A plausible implication is that causal metrics like CAC, AAC, and CHR could be adapted for other domains where spurious correlations via high-order context may trigger systematic model failure.

7. Implications and Future Directions

The empirical finding that all leading LVLMs remain susceptible to context-induced hallucination suggests that current vision-language architectures insufficiently disentangle semantic content from context priors. Causal-HalBench’s formalisms and counterfactual engineering pipeline provide a rigorous foundation for causal debiasing techniques in future model development.

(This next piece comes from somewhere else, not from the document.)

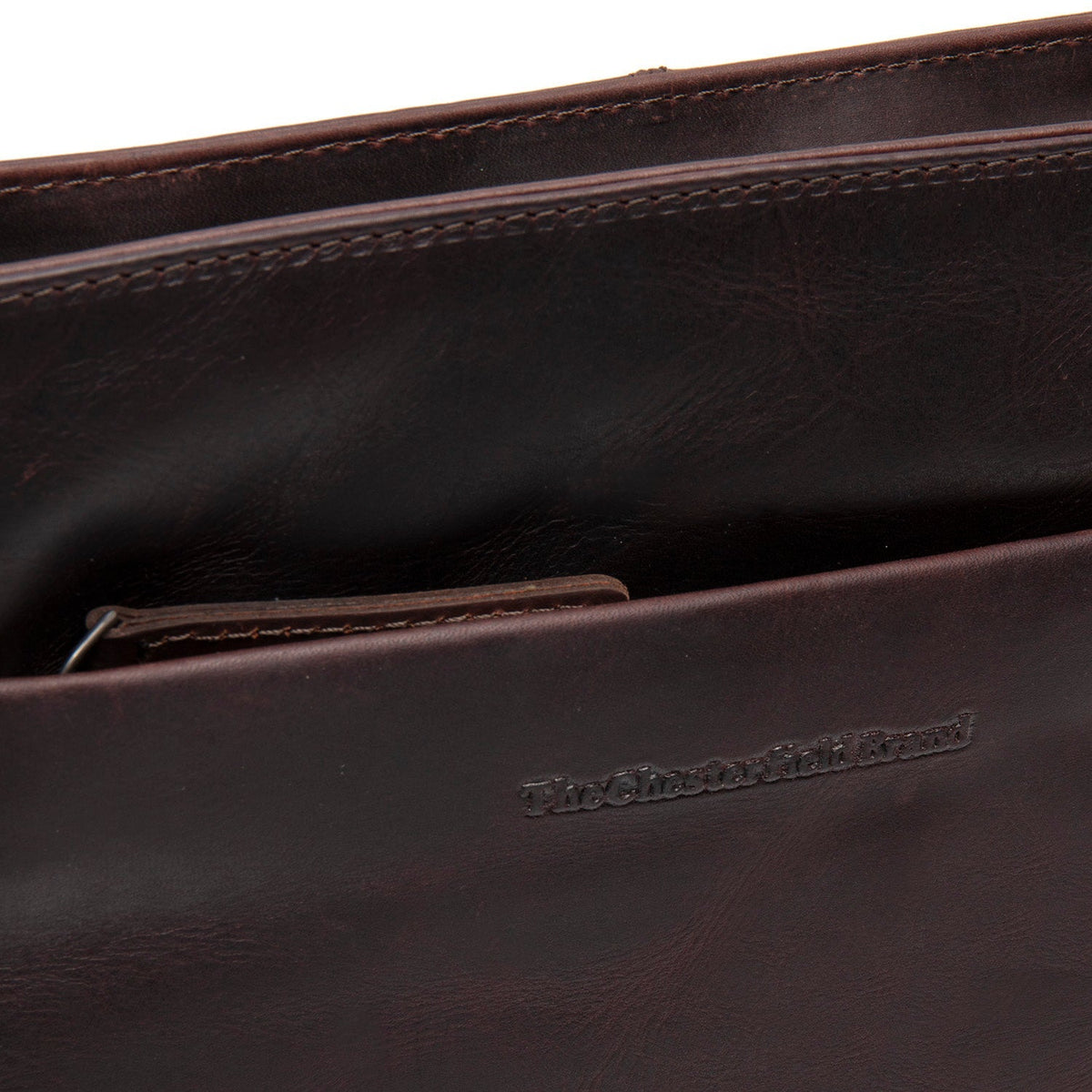 Everyday Carry Perspective Showing Ergonomic Grab Handle &amp; Strap Comfort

Continued progress may leverage:

End-to-end causal regularization for reducing $C\rightarrow Y$ dependence.
Extension of counterfactual protocols to broader visual reasoning domains and multi-object settings.
Integration with open causal-learning benchmarks for unified cross-domain evaluation of debiasing effectiveness and spurious-correlation resilience.

Causal-HalBench thus establishes a new standard for evaluating and understanding object hallucination through the lens of formal causal intervention (Xu et al., 13 Nov 2025).